[Opening Data for this task section]

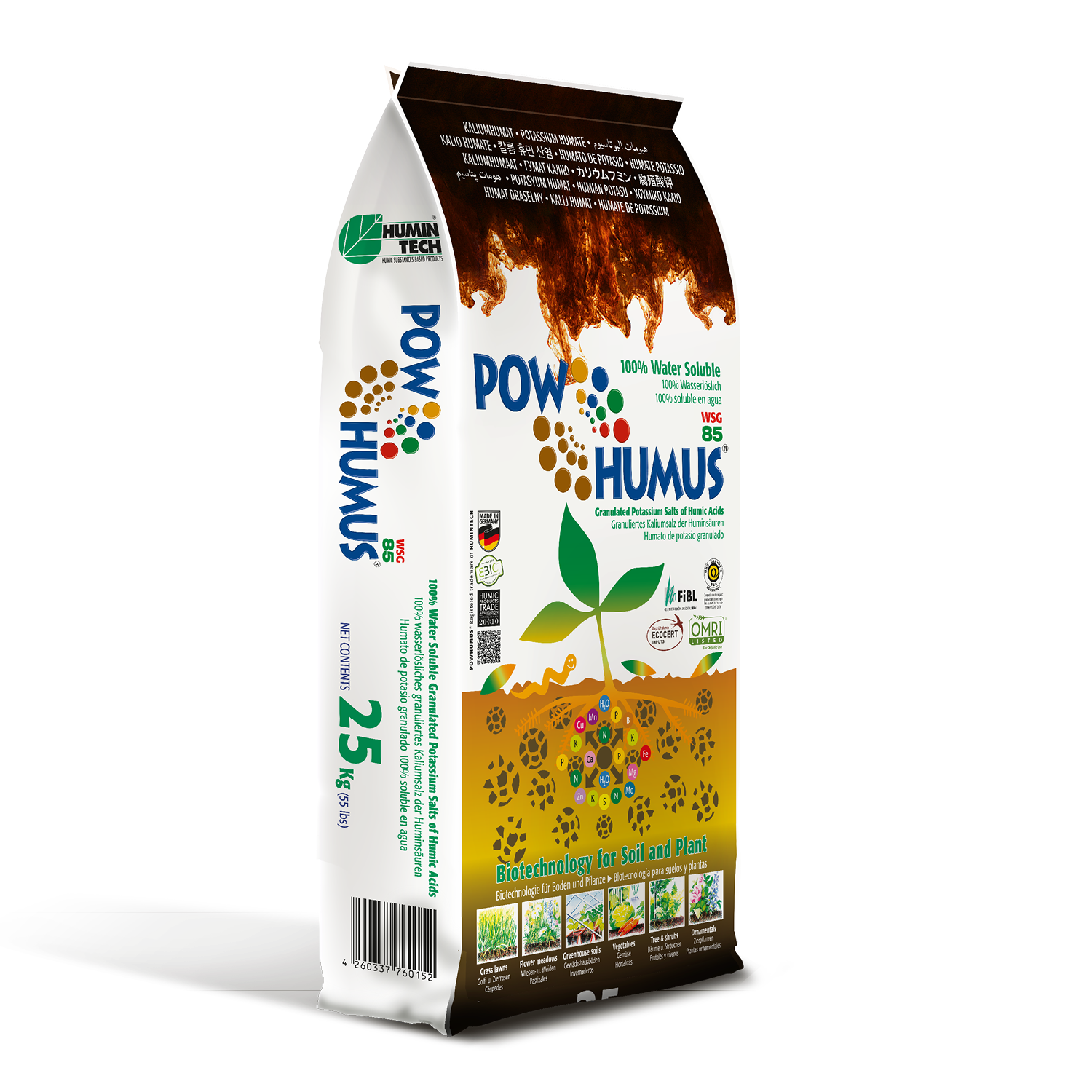 POWHUMUS WSG 85 100% water soluble Organic Soil Conditioner bag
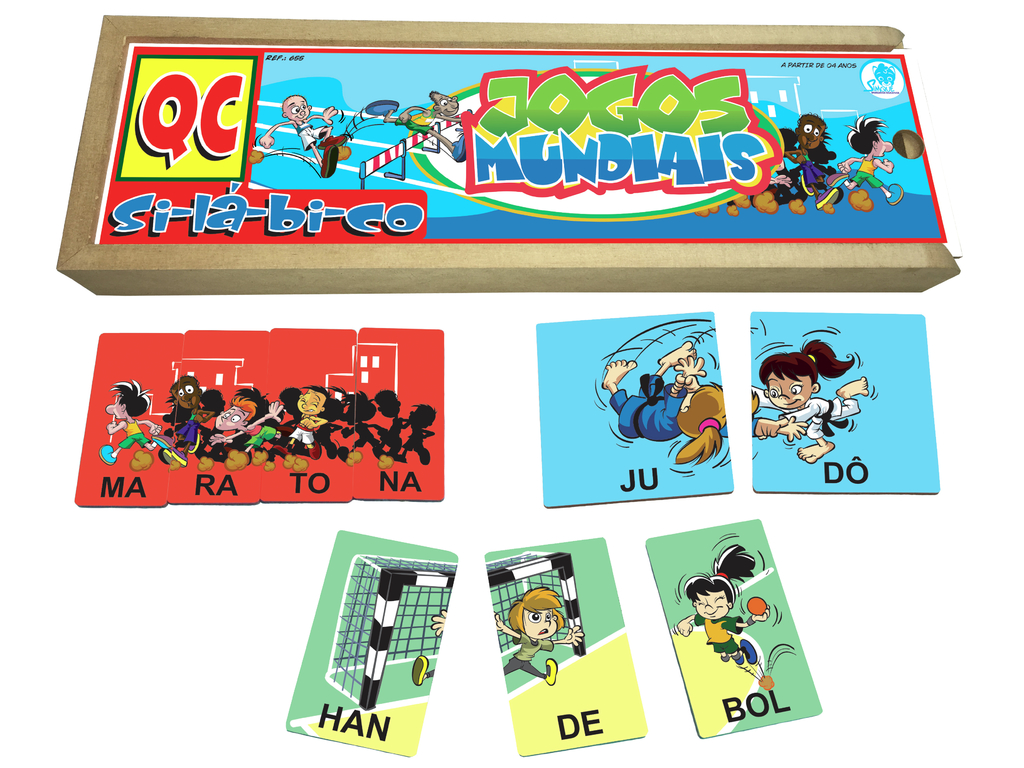 Jogo Quebra-cabeça Silábico - Kits Educativos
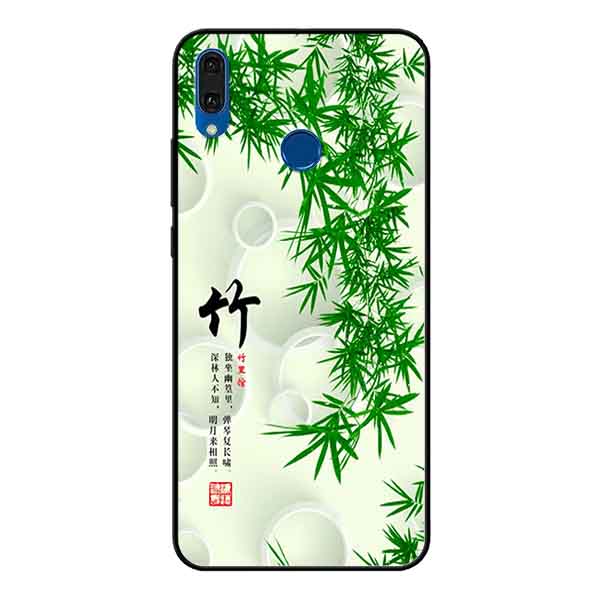 Ốp Lưng in cho Huawei Y7 Pro Mẫu Tranh Nền Tre - Hàng Chính Hãng
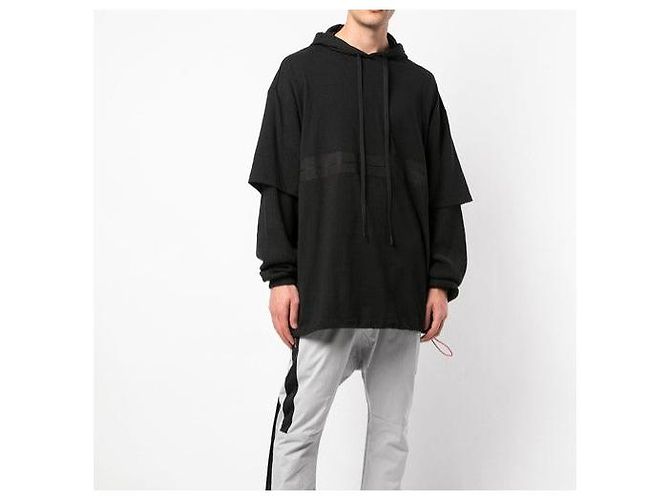 Autre Marque UNRAVEL PROJECT JERSEY DRAWSTRING HOODIE
Hoodie de algodão Preto - vista 3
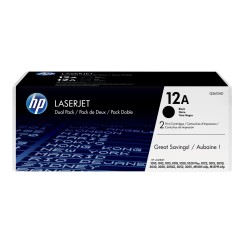 HP Q2612A Negro Pack de 2 Cartuchos de Toner Originales - 12A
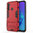 Slim Armour Tough Shockproof Case & Stand for realme 5 - Red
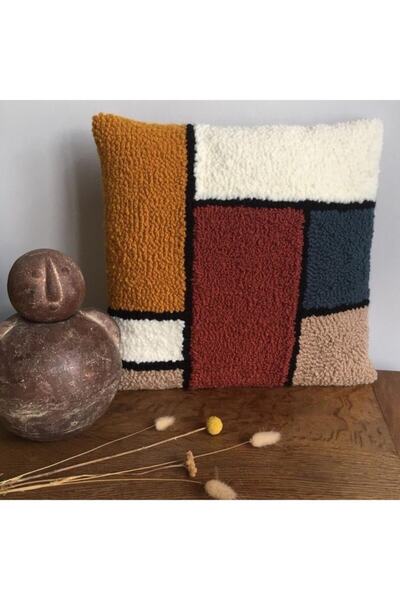 elf handmade design Punch Işi Ev Işyeri Balkon Ve Mekanlar Için Kırlent Kılıfı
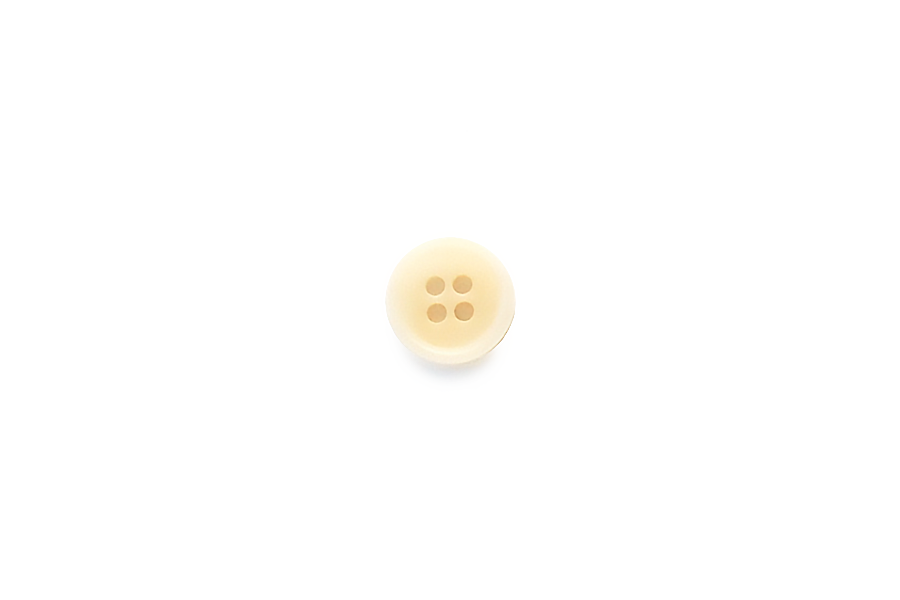 Button: 13mm Diameter  | Natural | Rimmed Edge Corozo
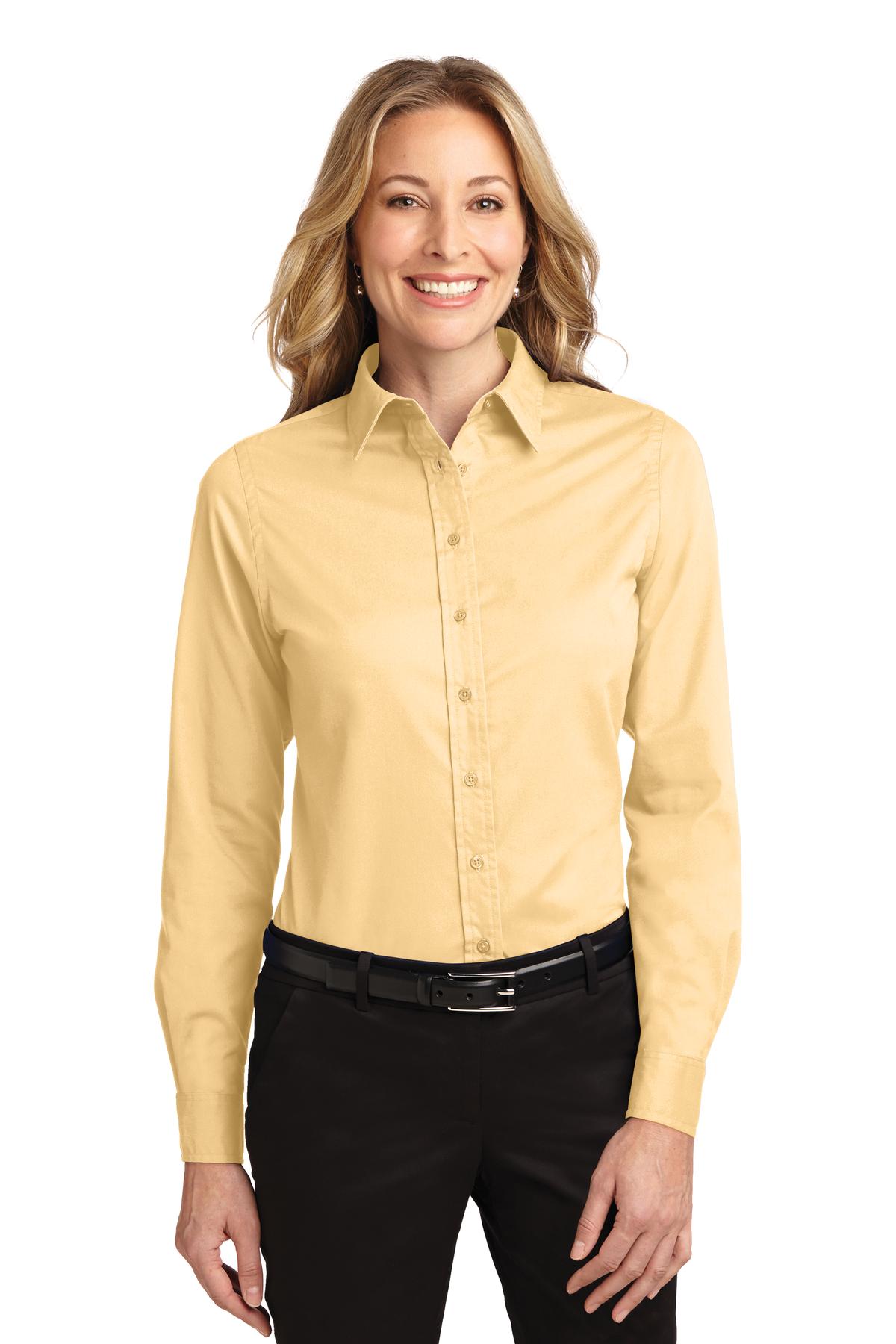 Port Authority® Ladies Long Sleeve Easy Care Shirt. L608 [Yellow] - DFW Impression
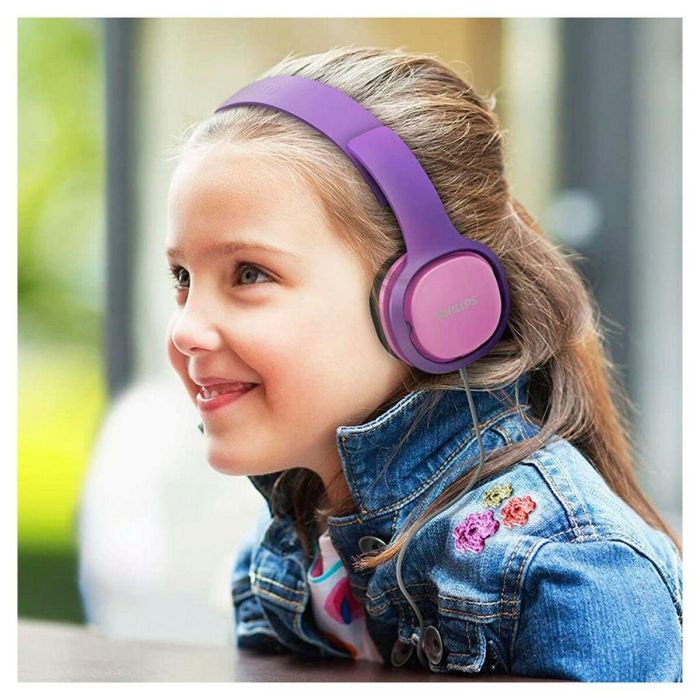 Auriculares de Diadema Philips Rosa Con cable Para niños 3 Auriculares de Diadema Philips Rosa Con cable Para niños 3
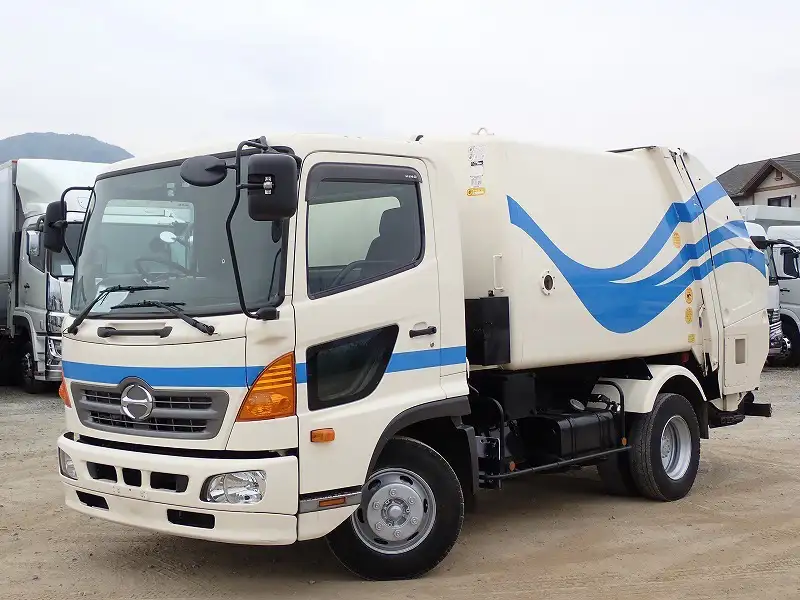日野 レンジャー 中型/増トン パッカー車 巻き込み式 回転ダンプ式｜画像1
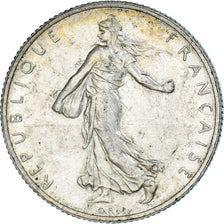 Coin, France, Semeuse, 2 Francs, 1917, Paris, MS(63), Silver, KM:845.1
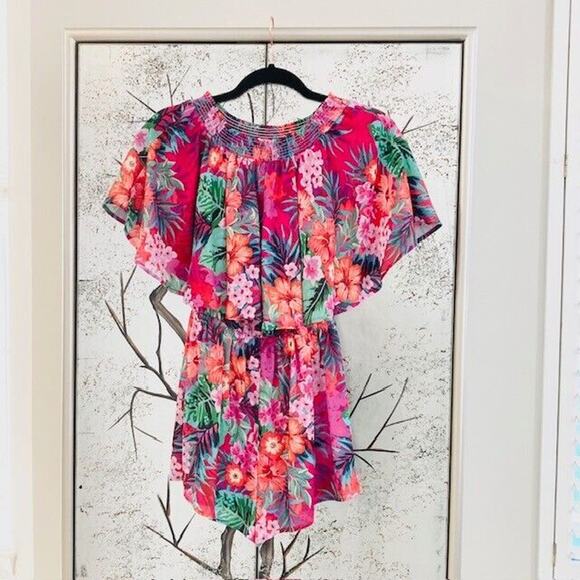 Show Me Your Mumu $148 Womens Small Multi Floral Print Rosarita Strapless Romper - Picture 2 of 15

[Closing Data for this task section]

> [What is needed]:
Reproduce the lines from the one holding "Coin, France, Semeuse, 2" through the end of the entries above exactly, keeping both ends and dropping every picture.

> [Reply to the task]:
 Coin, France, Semeuse, 2 Francs, 1917, Paris, MS(63), Silver, KM:845.1
 Show Me Your Mumu $148 Womens Small Multi Floral Print Rosarita Strapless Romper - Picture 2 of 15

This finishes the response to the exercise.